WRH s’attache également à améliorer la situation professionnelle des femmes et à éliminer les obstacles qu’elles rencontrent lorsqu’elles cherchent un emploi.
« Les chances d’entrer sur le marché du travail ici sont dérisoires pour les jeunes femmes », déplore Karine. « Il existe un droit du travail en Arménie mais les employeurs s’arrangent comme ils veulent. Les femmes sont généralement moins bien rémunérées que les hommes et les emplois qu’elles occupent sont médiocres. Les femmes sont jugées par leurs apparences et elles sont victimes de sexisme et de discrimination en fonction de l'âge. Les femmes ayant des enfants font aussi l’objet de discrimination. Nous recevons les femmes pour les informer sur leurs droits au titre de la réglementation du travail et nous leur présentons les mécanismes en place pour faire valoir leurs droits », poursuit Karine.
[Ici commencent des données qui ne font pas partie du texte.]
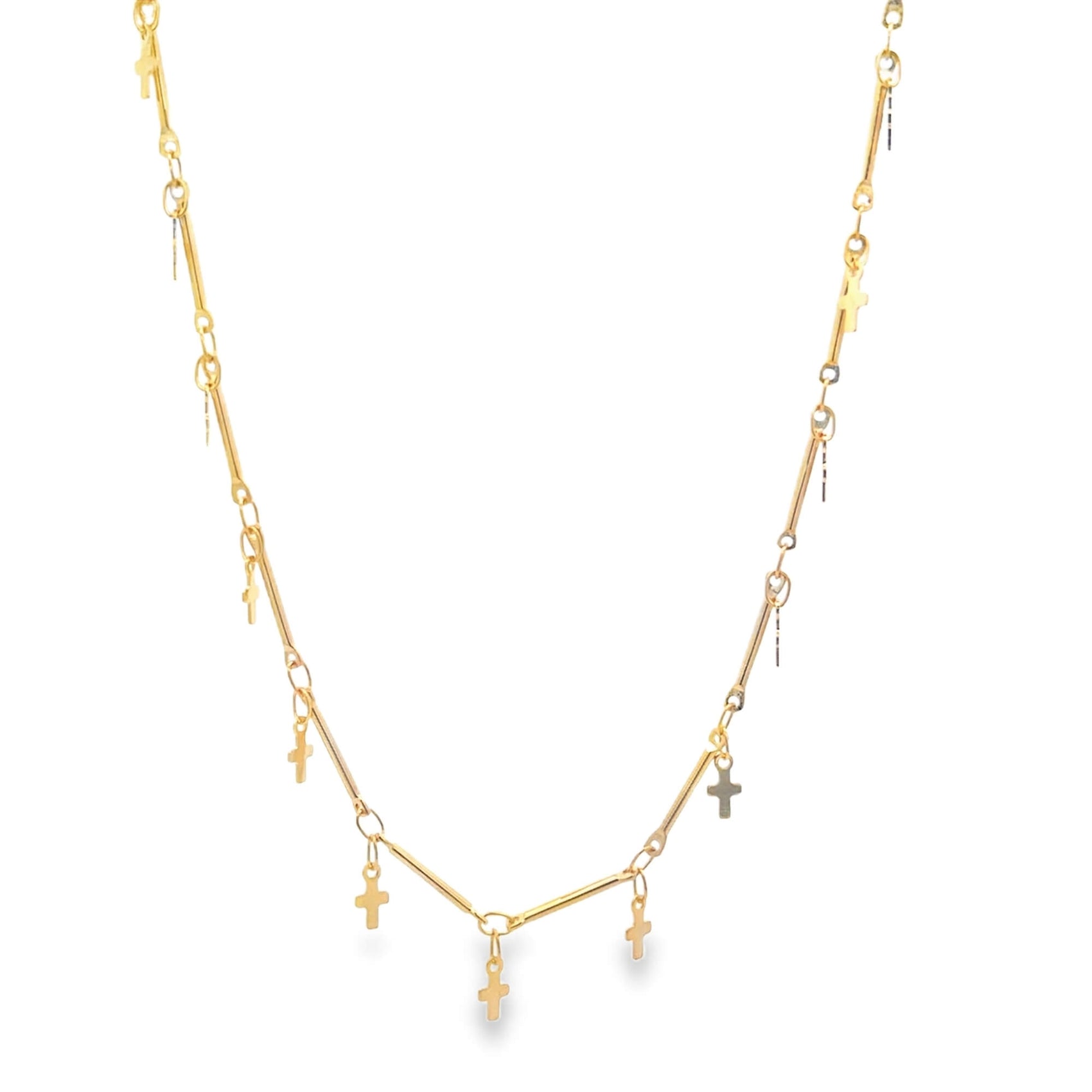 A delicate gold chain necklace dangles multiple small cross charms against a plain white background.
Le FEDEM soutient le travail de WRH dans sa mission d’aide aux femmes pour leur permettre de jouer un rôle accru en politique. Grâce à la subvention versée par le FEDEM, l’organisation a récemment organisé divers ateliers de formation sous l’intitulé « La place des femmes en politique », abordant des sujets variés tels que le leadership, le militantisme civique, les droits de l’homme et la politique. Ont été invités à ces rencontres des représentants politiques locaux et des militants civiques qui ont mis leurs compétences et leurs connaissances à profit afin de donner aux participantes les outils nécessaires pour résoudre leurs éventuels problèmes avec leur communauté.
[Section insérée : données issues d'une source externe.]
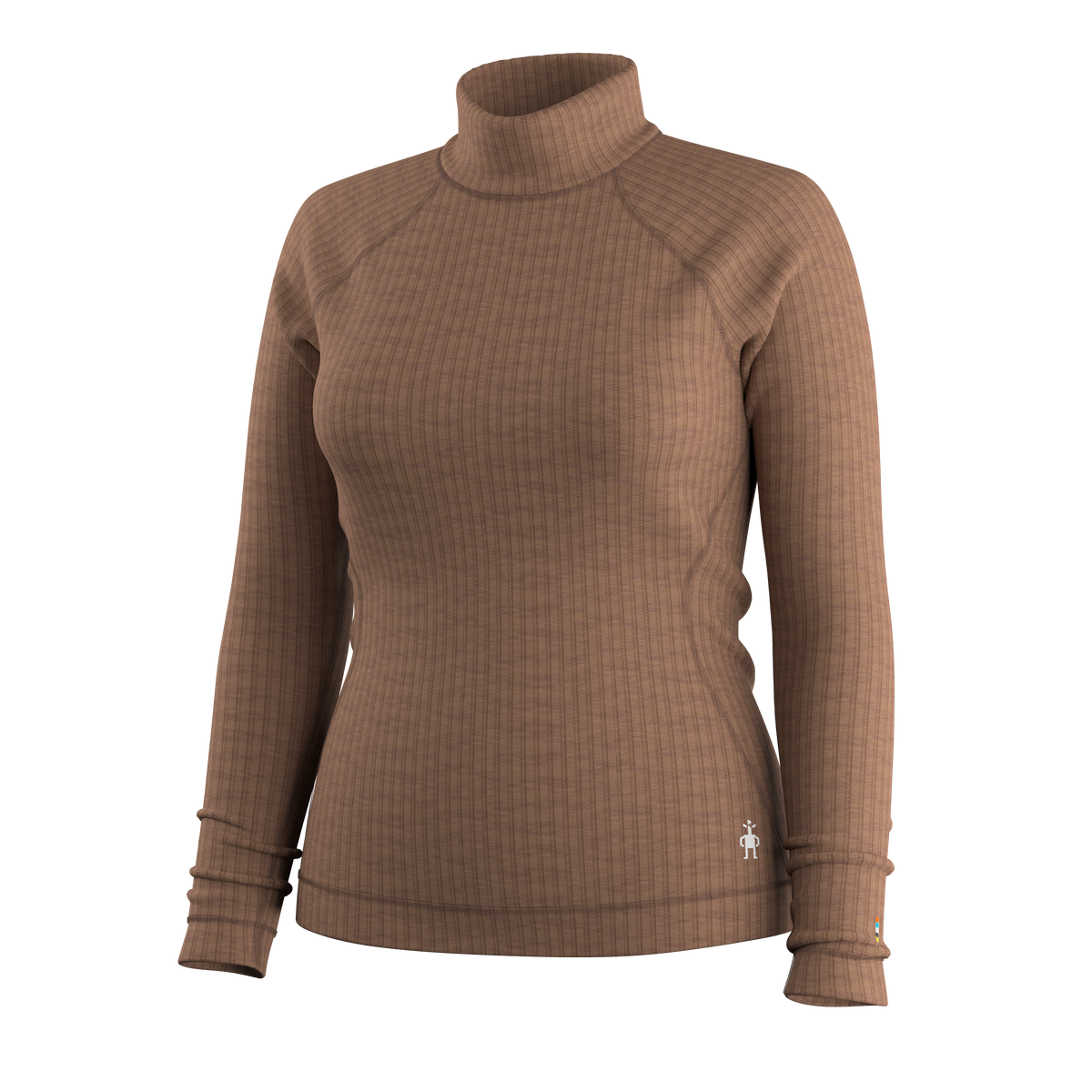 Women's Thermal Merino Rib Turtleneck Mocha Heather - ver - 3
Plusieurs participantes à ces ateliers ont ensuite pu mettre en œuvre leurs propositions afin de répondre à des besoins pressants au sein de leur quartier et communauté.
Amalya Khadunova était l’une d’elles et elle a depuis ouvert une aire de jeu écologique pour 30 enfants du village. Revenant sur son expérience lors de l’atelier, Amalya a déclaré : « La formation était exactement ce dont j’avais besoin, c’est exactement le genre d'initiative dont a besoin notre région. J’ai pu rencontrer des femmes politiques. J’ai même rencontré Diana Gasparyan, que j’admire tant. Cette formation m’a permis de préparer mon projet, un rêve que j’avais depuis longtemps. Je suis tellement contente d’avoir pu le mener à bien dans ma ville. Les ateliers m’ont apporté énormément, j’y ai beaucoup appris, comme la planification de projets, l’établissement des budgets, la gestion, la responsabilité et la transparence. Ça a été un formidable tremplin pour moi. J’aimerais maintenant être un jour candidate aux élections municipales. »
Les projets financés par le WRH sont très variés, notamment une initiative d’activités artisanales pour les femmes, une entreprise de marketing et une représentation théâtrale mettant en scène les différentes formes de discrimination contre les femmes.
Le WRH organise également des projets intercommunautaires dans le cadre desquels les participants se rendent dans différentes régions d’Arménie pour profiter des expériences positives d’autres chefs de projets et mettre en place un groupe de soutien collectif destiné à aider les femmes dans leurs futures initiatives.
Le WRH prévoit désormais d’entreprendre un audit afin d’établir les niveaux de discrimination sur le marché du travail au sein des entreprises privées et publiques.
Karine et ses collègues s'intéressent de près aux prochaines élections locales prévues en 2021. Elles souhaitent voir le plus de femmes possible participer activement à ces élections et voir davantage de femmes endosser des responsabilités au sein des conseils municipaux. Et qui sait, peut-être que l’une des participantes du WRH sera la prochaine femme maire, emboîtant le pas à Diana Gasparyan.